**DATA EXCERPT**
┌──

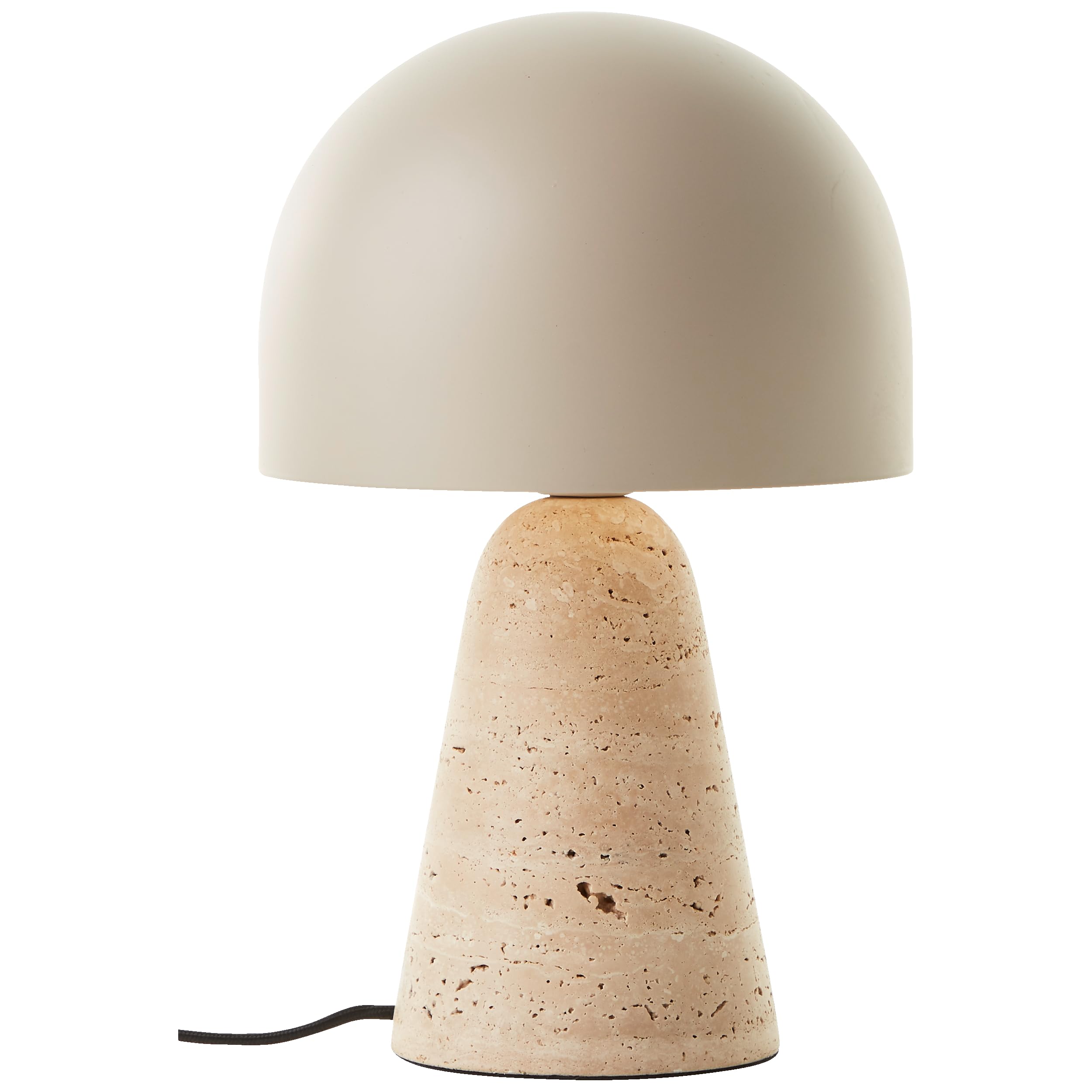 Lightbox Pilz-Tischlampe - Tischleuchte mit Sockel aus Travertin-Stein - Lampe für Wohnzimmer, Schlafzimmer & Fensterbank - exkl. E14 LED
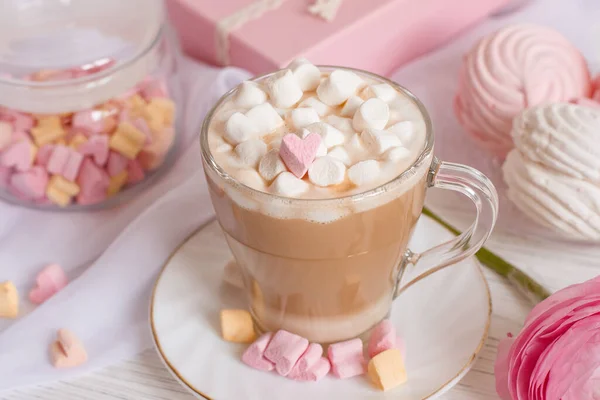 Bom Dia Cartão Rosa Uma Xícara Café Marshmallow Uma Flor — Fotografia de Stock
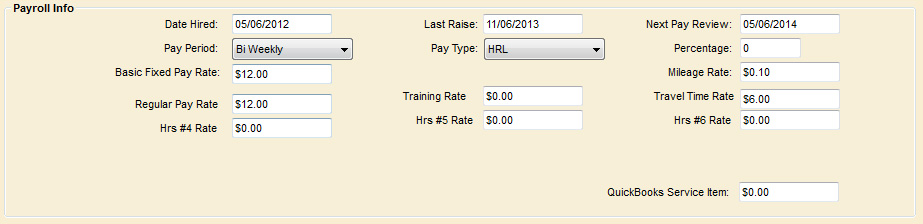 employee payroll information screen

└──

**TASK INSTRUCTIONS**
An exact copy of all the data above is required; omit any pictures.

**TASK ANSWER**
 Lightbox Pilz-Tischlampe - Tischleuchte mit Sockel aus Travertin-Stein - Lampe für Wohnzimmer, Schlafzimmer & Fensterbank - exkl. E14 LED
 Bom Dia Cartão Rosa Uma Xícara Café Marshmallow Uma Flor — Fotografia de Stock
 employee payroll information screen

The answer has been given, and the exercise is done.